Because today is St. Valentine ’s Day, we thought the question was à propos. The Forum mondial de la langue française blog (The French Language World Forum) asked their readers to send in their favourite quotes, definitions and declarations of love.
Readers had no problem coming up with quotes that did justice to the four letter word. For example, Richard Seke from South Africa shared, “The verb “to love” is only good when it’s conjugated in the present. If it’s conjugated in the past, it makes you cry, and in the future, you can only dream.”
It’s not easy to combine love and language. Jean Cocteau once said “Le verbe aimer est difficile à conjuguer : son passé n’est pas simple, son présent n’est qu’indicatif, et son futur est toujours conditionnel” (The verb “to love” is hard to conjugate: its past is not simple, its present is merely indicative, and its future is always conditional).

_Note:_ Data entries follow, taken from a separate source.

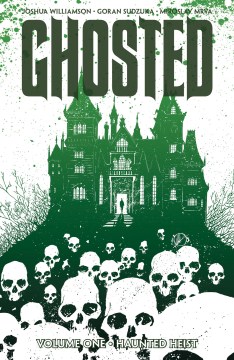Cover image for Ghosted 1
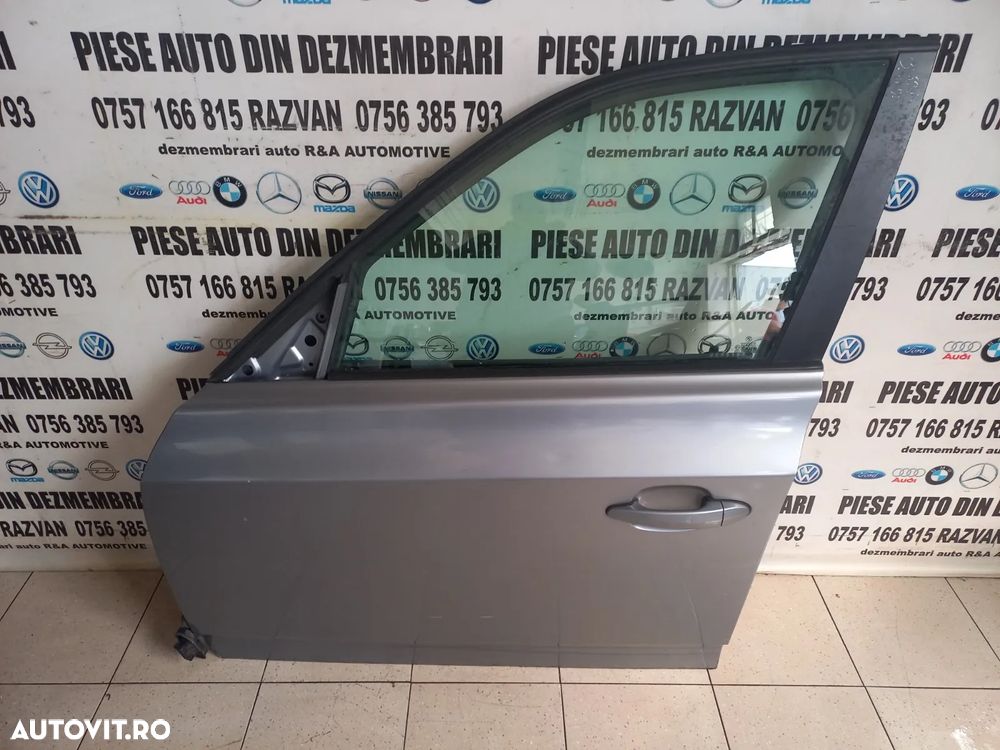 Usa Portiera Stanga Fata Bmw X3 E83 - Dezmembrari Arad - 4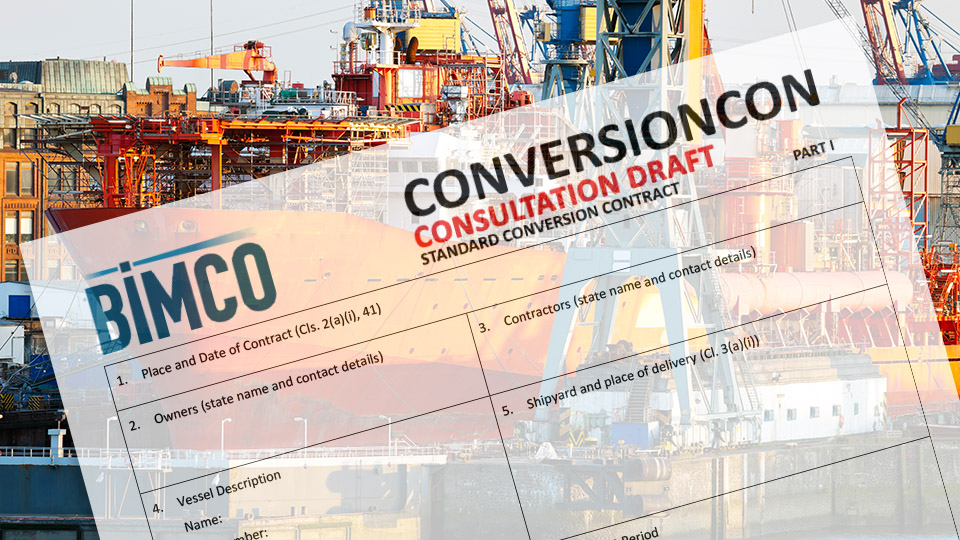 Image of draft CONVERSIONCON contract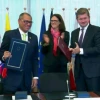 Ecuador firma acuerdo comercial multipartes con la Unión Europea
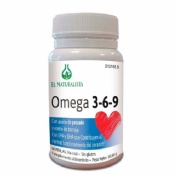 El naturalista omega 3-6-9 60perlas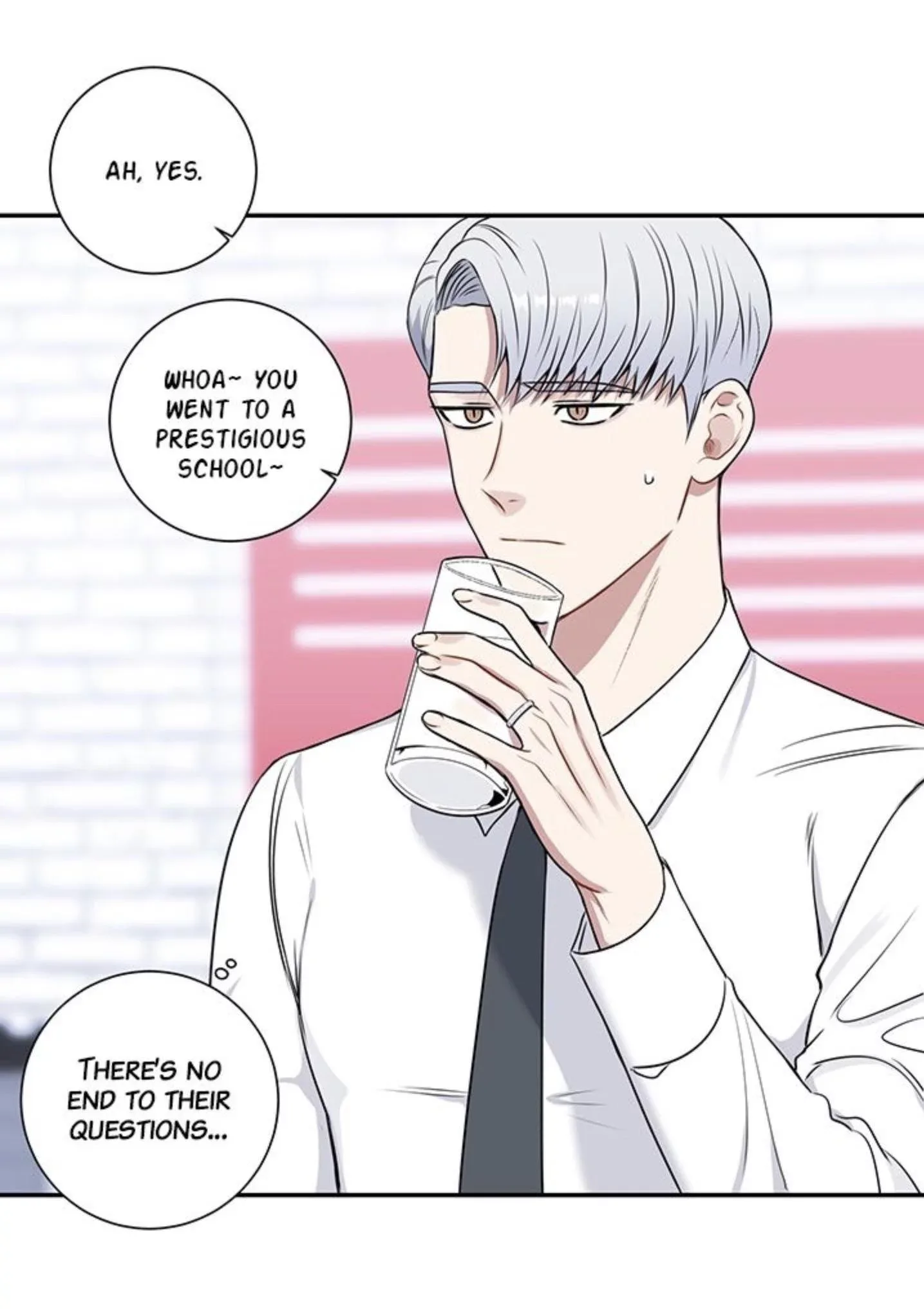 Cherry Blossoms After Winter Chapter 100 page 24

In the same vein, the pataphysician Henri Jeanson declared, “Aimer est un verbe irréfléchi” (Love is a thoughtless verb).
Some of the readers shared personal quotes, like Eliana Mestas de Leclerc who wrote, “I love the words you say. I love you, my love…”
Djiboutien Abdo Halas wrote, “The person that loves you accepts you unconditionally and will follow you anywhere, regardless of where you go; they will trust your decisions.” Two minutes later he added, “I want to live by your side, die in your arms and be buried under you.”
The majority of the readers sought to define love. Emina Jemal from Dakar took a psychoanalytic approach when she wrote, “Love is giving what we do not have to someone who does not want it.” Rocher Chadrak Chembessi from Benin wrote, “Love is not only about loving, it’s also about understanding.”
The French Language World Forum’s Communications Officer, Marie Lavoie, borrowed the words of Proust to describe love: “L’amour, c’est l’espace et le temps rendus sensibles au coeur” (Love is space and time that becomes susceptible to the heart).
Interestingly no one quoted Gainsbourg’s famous line, “Je t’aime, moi non plus” (I love you, me neither). But two surprising observations were made. When it came to quotes, few came outside the literary world, with the exception of Bruno Marchal who shared a quote from Louis Malle’s film: Ascenseur pour l’échafaud: “Je t’aime. Si je n’entendais pas ta voix, je serais perdu dans un pays de silence” (I love you. If I couldn’t hear your voice, I would be lost in a land of silence).
Secondly, there weren’t many who crossed the language barrier except for Cristina who quoted the Romanian writer Marin Preda, “Daca dragoste nu e, nimic nu e”(Without love there is nothing).
Wasn’t it Paul Géraldy who said: “Il faut se ressembler un peu pour se comprendre, mais il faut être un peu différent pour s’aimer” (We have to be alike to understand one another, but a bit different to love one another)? In any case, that is the whole idea behind the French Language World Forum.